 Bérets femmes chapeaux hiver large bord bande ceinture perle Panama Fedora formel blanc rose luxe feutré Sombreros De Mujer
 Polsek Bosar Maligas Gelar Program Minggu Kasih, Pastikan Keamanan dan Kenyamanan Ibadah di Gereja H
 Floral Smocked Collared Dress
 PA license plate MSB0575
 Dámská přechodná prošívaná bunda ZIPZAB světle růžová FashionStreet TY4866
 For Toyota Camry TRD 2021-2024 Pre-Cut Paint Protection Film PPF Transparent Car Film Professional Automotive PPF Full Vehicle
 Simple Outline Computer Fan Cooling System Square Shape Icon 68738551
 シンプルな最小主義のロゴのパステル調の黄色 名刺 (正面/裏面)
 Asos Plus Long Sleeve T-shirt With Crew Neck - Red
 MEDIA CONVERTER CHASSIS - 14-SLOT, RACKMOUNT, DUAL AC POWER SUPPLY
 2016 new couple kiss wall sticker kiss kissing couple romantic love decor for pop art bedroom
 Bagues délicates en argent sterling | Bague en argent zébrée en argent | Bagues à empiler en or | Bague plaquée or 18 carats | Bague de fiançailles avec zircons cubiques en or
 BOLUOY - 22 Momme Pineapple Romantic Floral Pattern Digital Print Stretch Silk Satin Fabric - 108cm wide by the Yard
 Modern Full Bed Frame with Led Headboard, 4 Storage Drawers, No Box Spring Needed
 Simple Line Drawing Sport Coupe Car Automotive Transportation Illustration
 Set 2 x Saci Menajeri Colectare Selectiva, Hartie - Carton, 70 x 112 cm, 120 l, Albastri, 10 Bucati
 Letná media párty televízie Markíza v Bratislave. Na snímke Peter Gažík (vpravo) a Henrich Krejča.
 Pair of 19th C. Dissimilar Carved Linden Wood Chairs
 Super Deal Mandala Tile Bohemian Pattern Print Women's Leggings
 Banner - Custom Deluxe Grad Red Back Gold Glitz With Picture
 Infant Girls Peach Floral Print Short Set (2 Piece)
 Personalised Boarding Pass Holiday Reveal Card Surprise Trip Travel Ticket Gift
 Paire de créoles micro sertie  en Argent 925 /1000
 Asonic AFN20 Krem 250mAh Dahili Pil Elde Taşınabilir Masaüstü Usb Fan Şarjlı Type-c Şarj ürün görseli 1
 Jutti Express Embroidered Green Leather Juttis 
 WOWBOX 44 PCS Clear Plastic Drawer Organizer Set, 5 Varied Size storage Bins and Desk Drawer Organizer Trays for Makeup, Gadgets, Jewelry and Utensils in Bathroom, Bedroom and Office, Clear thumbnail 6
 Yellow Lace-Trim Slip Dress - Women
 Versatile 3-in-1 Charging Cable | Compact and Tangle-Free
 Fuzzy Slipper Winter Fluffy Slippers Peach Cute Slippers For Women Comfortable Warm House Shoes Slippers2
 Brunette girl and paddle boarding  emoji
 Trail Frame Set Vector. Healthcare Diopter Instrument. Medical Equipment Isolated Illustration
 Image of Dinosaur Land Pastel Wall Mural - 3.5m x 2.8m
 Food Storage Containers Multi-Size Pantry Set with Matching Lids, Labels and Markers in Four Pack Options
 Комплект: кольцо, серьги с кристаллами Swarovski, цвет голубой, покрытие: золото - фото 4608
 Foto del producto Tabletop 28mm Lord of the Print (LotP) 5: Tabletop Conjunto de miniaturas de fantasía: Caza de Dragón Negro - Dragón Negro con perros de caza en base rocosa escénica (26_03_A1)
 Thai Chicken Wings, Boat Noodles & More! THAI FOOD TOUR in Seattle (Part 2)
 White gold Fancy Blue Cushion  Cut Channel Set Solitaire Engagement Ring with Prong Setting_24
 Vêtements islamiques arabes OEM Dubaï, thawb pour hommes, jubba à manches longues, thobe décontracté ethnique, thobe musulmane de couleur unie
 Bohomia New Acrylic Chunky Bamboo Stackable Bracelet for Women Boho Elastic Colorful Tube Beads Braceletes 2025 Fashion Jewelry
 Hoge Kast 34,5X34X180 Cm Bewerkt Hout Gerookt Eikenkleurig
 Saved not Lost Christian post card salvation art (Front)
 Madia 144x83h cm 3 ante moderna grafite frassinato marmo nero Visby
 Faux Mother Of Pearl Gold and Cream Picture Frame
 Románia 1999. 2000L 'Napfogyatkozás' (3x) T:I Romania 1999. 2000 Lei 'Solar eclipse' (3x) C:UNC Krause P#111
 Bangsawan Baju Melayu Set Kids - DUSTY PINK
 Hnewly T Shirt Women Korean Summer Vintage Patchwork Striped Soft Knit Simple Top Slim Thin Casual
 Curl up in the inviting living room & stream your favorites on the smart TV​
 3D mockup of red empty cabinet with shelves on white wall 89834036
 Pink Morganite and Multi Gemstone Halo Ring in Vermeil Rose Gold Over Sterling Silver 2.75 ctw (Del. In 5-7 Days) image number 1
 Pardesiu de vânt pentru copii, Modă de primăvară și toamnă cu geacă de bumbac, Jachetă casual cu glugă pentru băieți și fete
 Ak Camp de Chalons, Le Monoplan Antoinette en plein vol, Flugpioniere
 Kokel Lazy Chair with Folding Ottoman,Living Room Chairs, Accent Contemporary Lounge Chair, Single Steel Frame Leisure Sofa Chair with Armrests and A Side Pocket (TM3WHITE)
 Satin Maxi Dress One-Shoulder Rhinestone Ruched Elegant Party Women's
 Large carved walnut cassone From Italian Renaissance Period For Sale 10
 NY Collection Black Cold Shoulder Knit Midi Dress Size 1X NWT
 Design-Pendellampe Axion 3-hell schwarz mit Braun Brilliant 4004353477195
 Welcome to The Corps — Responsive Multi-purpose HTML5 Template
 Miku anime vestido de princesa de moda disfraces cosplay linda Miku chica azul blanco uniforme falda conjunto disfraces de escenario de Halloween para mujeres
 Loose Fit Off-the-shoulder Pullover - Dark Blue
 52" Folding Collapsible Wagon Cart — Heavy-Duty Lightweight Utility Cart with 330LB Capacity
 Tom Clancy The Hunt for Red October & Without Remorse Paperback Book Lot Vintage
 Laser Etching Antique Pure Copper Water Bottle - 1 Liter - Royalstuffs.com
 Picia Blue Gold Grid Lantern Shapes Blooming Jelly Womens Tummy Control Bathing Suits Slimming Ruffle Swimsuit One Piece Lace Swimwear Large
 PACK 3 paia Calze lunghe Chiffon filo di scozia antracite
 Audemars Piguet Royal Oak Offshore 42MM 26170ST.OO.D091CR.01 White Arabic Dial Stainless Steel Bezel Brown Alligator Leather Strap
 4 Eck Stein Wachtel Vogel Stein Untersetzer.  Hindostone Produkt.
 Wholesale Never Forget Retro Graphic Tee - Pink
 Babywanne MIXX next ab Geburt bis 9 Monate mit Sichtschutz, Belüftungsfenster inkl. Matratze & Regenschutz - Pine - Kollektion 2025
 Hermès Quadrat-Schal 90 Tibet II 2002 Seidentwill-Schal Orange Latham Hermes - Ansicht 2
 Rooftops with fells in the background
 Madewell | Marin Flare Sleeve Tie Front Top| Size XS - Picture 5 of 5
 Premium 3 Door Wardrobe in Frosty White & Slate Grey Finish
------------------------------------
What is expected ->
Copy out every line of the entries where the string "Print" shows up.

Expected output ->
 BOLUOY - 22 Momme Pineapple Romantic Floral Pattern Digital Print Stretch Silk Satin Fabric - 108cm wide by the Yard
 Super Deal Mandala Tile Bohemian Pattern Print Women's Leggings
 Infant Girls Peach Floral Print Short Set (2 Piece)
 Foto del producto Tabletop 28mm Lord of the Print (LotP) 5: Tabletop Conjunto de miniaturas de fantasía: Caza de Dragón Negro - Dragón Negro con perros de caza en base rocosa escénica (26_03_A1)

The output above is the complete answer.